Heart rate measurement based on a time-lapse image

https://doi.org/10.1016/j.medengphy.2006.09.006Get rights and content

Abstract

Using a time-lapse image acquired from a CCD camera, we developed a non-contact and non-invasive device, which could measure both the respiratory and pulse rate simultaneously. The time-lapse image of a part of the subject's skin was consecutively captured, and the changes in the average image brightness of the region of interest (ROI) were measured for 30 s. The brightness data were processed by a series of operations of interpolation as follows a first-order derivative, a low pass filter of 2 Hz, and a sixth-order auto-regressive (AR) spectral analysis. Fourteen sound and healthy female subjects (22–27 years of age) participated in the experiments. Each subject was told to keep a relaxed seating posture with no physical restriction. At the same time, heart rate was measured by a pulse oximeter and respiratory rate was measured by a thermistor placed at the external naris. Using AR spectral analysis, two clear peaks could be detected at approximately 0.3 and 1.2 Hz. The peaks were thought to correspond to the respiratory rate and the heart rate. Correlation coefficients of 0.90 and 0.93 were obtained for the measurement of heart rate and respiratory rate, respectively.

Introduction

Various technologies using non-contact, non-invasiveness, and ambulatory methods have been studied and developed for biomedical measurement. X-ray computed tomography and magnetic resonance imaging are typical examples of the non-contact method for collecting anatomical information. Research studies using non-contact measurement have continued for some years, such as measurement of brain activity by near-infrared radiation [1] and detection and evaluation of a wound and ischemic tissue by non-contact electric impedance measurement [2]. Chen et al. also measured the breathing and heartbeat signals of human subjects buried under earthquake rubble by using a microwave beam [3]. Optical methods are also widely used for non-contact measurement. For example, Sinko et al. evaluated the spine shape by using Moiré topography [4]. Matsui et al. monitored heart rate and respiration rate using laser irradiation by fast Fourier transform [5], [6], and Augousti et al. measured respiratory and cardiac function by using optical fibers [7].

Because measurement of circulatory or musculoskeletal parameters can be principally invasive, attempts have been made to develop bloodless, painless, and less invasive methods by using ultrasound techniques such as diagnosis of fetal anemia [8] or arterial occlusive disease [9] by the Doppler ultrasound method, measurement of large sudden pressure drops seen in hypovolemia based on pulse wave transit time [10], measurement of bone deformation by echo tracking [11], and tendon force measurement by analyzing the transmission of ultrasonic waves [12]. In addition to these studies using ultrasound techniques, electrocardiography and photoplethysmography can be used for the non-invasive evaluation of blood pressure [13] and the detection of vascular disease [14], respectively.

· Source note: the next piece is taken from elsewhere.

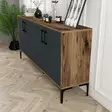 Teollinen Konsoli - 160cm Leveys, 78cm Korkeus, 35cm Syvyys, Pähkinä Antrasiitti, Metalli Jalusta, Muovi Kahva - Lipastot ja senkit - 8683743027804 - 4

For measurement of normal activities, various ambulatory methods have been developed by minimizing the monitoring devices. Typical examples are the Holter monitor and the pedometer [15]. de Lusignan et al. developed a wireless data collection system by using small sensors placed on the chest and recorded heart and breath rate, blood pressure, the electrocardiogram, and body temperature [16]. Gramse et al. mounted dry ECG electrodes as well as capacity-based elastic strain gauges on infant pajamas and monitored cardiopulmonary parameters [17]. Chen et al. also installed an air-free water-filled tube sensor under the pillow and monitored heart and breath rate during sleep by measuring the pressure under the near- and far-neck occiput [18]. Regarding the measurement of gait parameters, Veltink et al. proposed the use of two six-degrees-of-freedom force and moment sensors mounted in the shoe sole [19]. Since worldwide ageing of societies has been rapidly going on for some years, the ambulatory methods above could be useful for the health care of the elderly.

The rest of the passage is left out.